__Task description__:
Begin the copy at the line containing "Đây là mẹo chơi" in the data below and end it at the line containing "Zoofari Lodge, Taronga", keeping each line exact and leaving out pictures.

[Captioned web images]
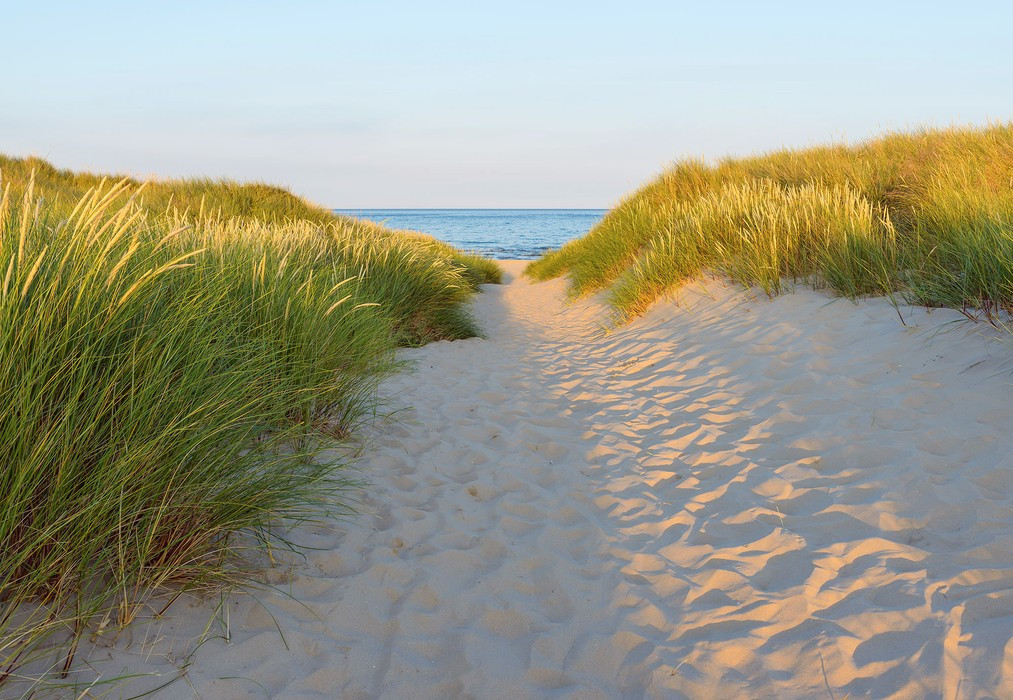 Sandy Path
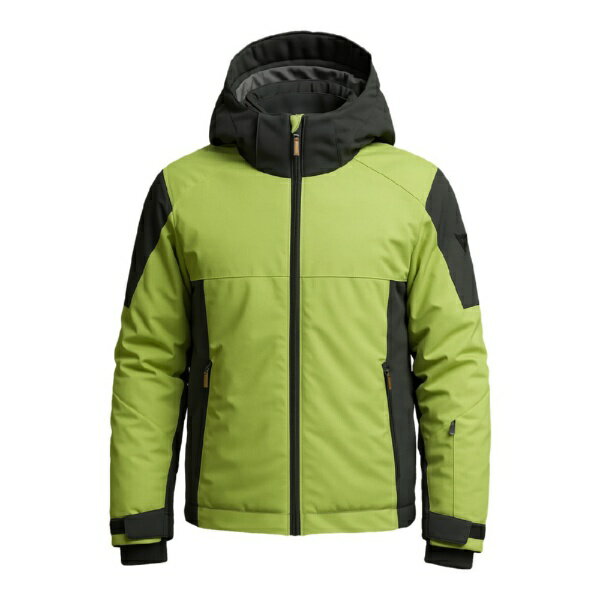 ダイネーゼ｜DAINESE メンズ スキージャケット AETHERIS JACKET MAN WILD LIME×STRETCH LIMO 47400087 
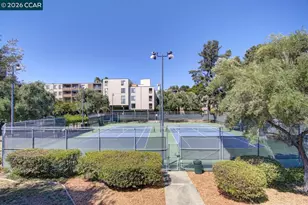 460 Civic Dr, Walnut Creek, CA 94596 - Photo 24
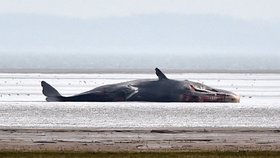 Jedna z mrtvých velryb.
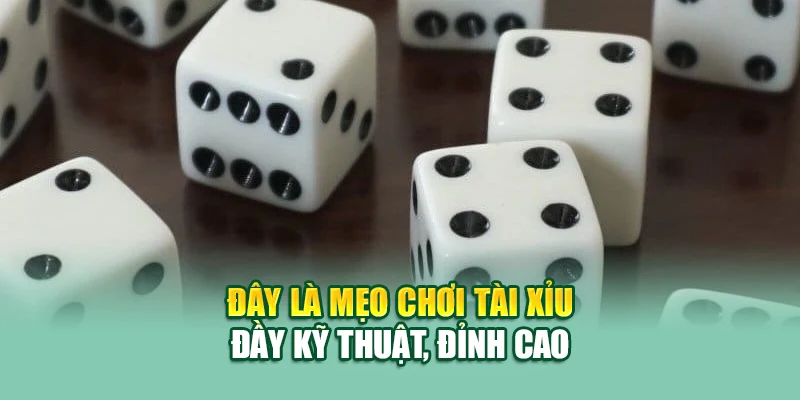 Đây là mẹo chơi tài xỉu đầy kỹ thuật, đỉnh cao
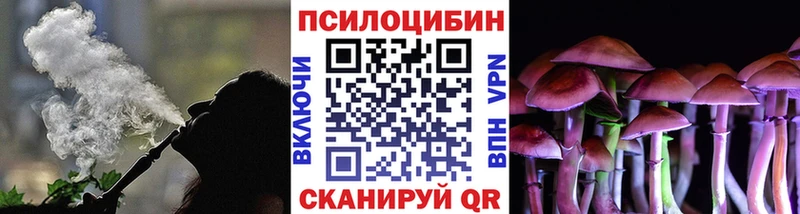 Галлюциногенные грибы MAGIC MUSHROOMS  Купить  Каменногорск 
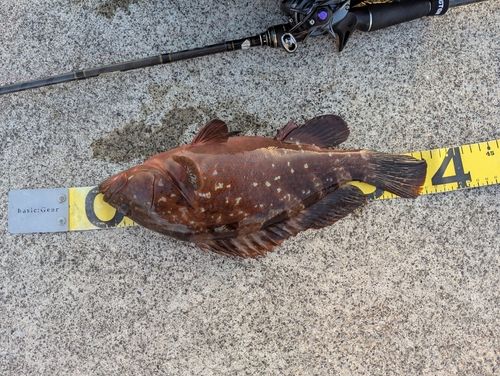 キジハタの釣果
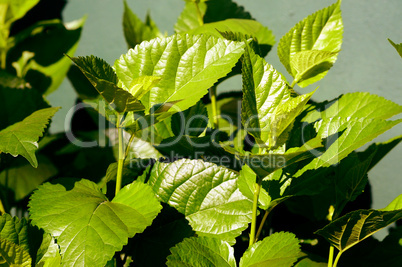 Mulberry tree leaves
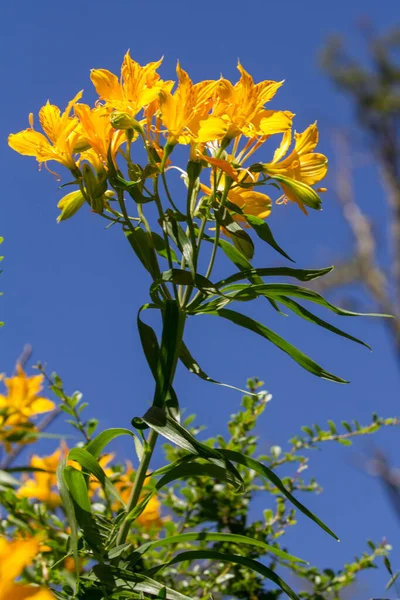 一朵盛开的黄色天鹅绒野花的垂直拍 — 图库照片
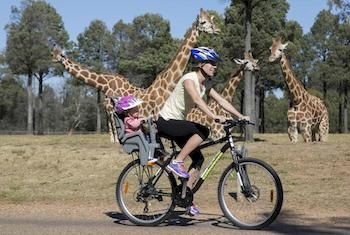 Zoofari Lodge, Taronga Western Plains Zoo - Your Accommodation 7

...

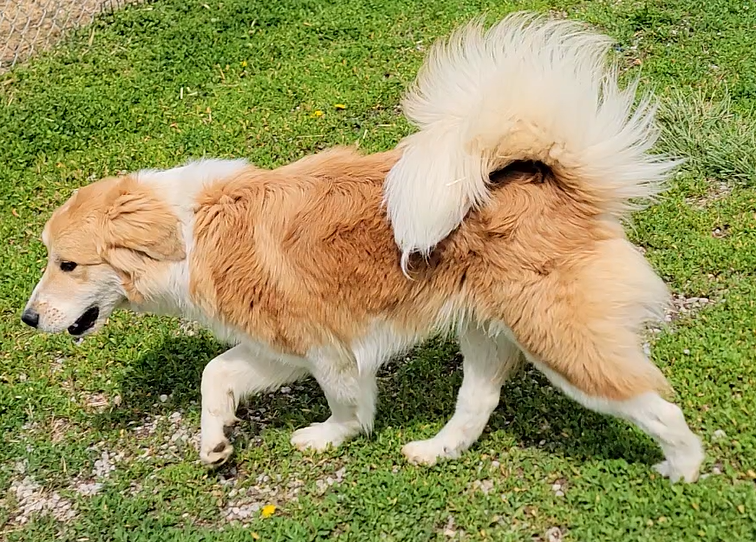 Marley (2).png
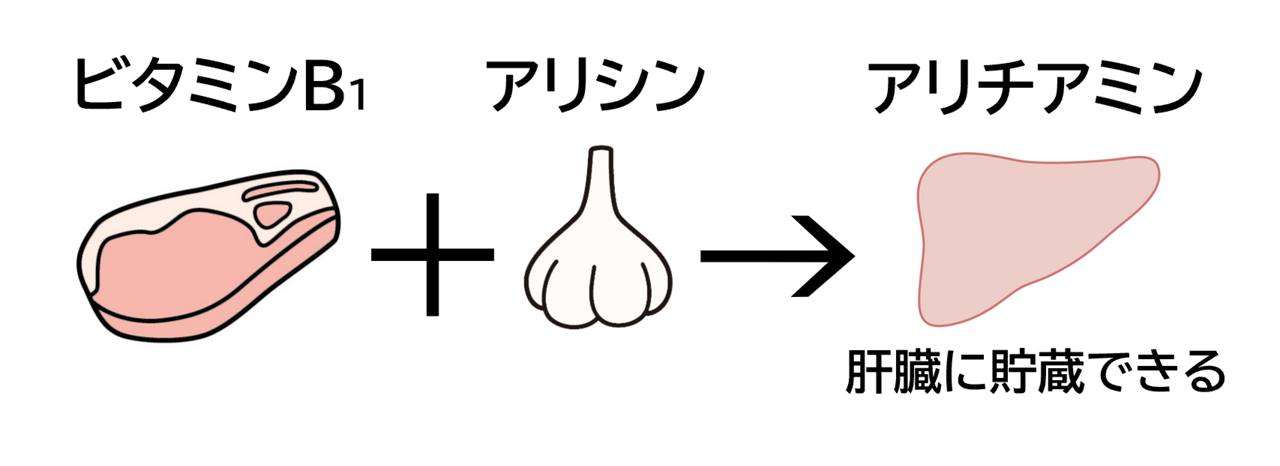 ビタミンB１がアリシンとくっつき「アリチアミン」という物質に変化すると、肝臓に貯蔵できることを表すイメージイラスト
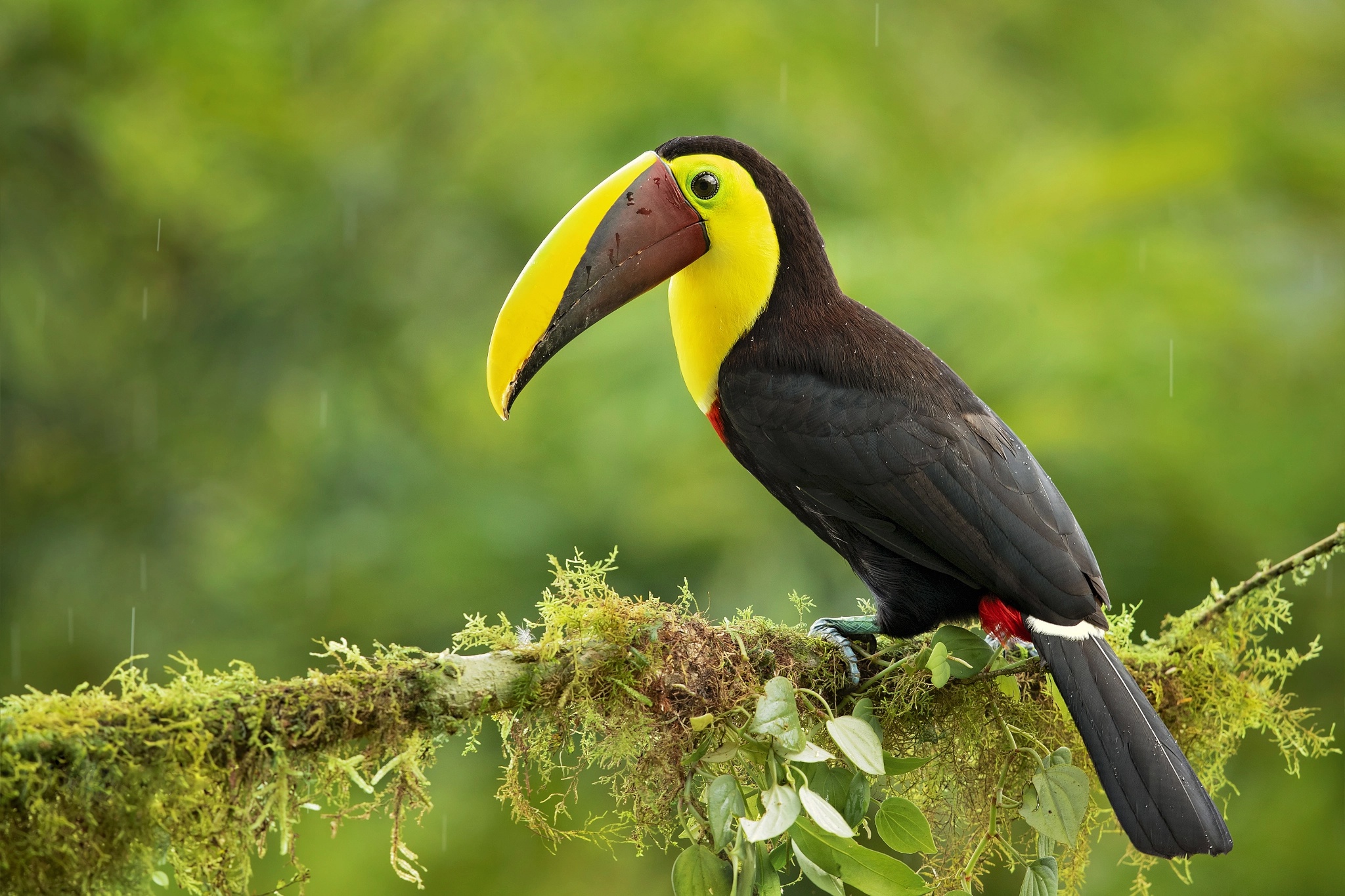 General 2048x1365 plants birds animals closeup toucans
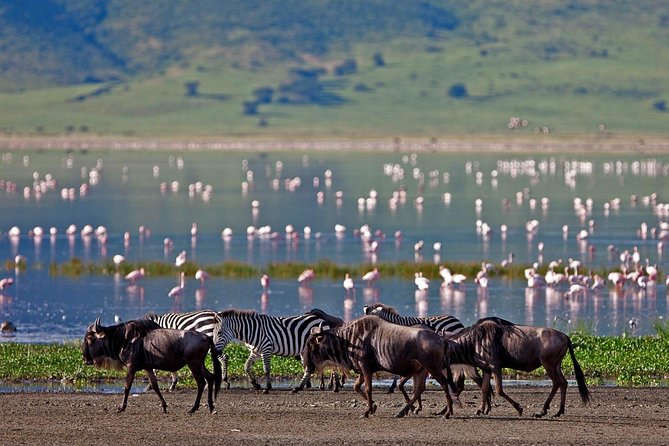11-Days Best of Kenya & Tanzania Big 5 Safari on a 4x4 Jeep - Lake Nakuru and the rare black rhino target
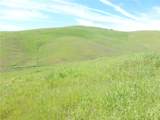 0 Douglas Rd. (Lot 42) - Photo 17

__Solution to this task__:
 Đây là mẹo chơi tài xỉu đầy kỹ thuật, đỉnh cao
 Галлюциногенные грибы MAGIC MUSHROOMS  Купить  Каменногорск 
 キジハタの釣果
 Mulberry tree leaves
 一朵盛开的黄色天鹅绒野花的垂直拍 — 图库照片
 Zoofari Lodge, Taronga Western Plains Zoo - Your Accommodation 7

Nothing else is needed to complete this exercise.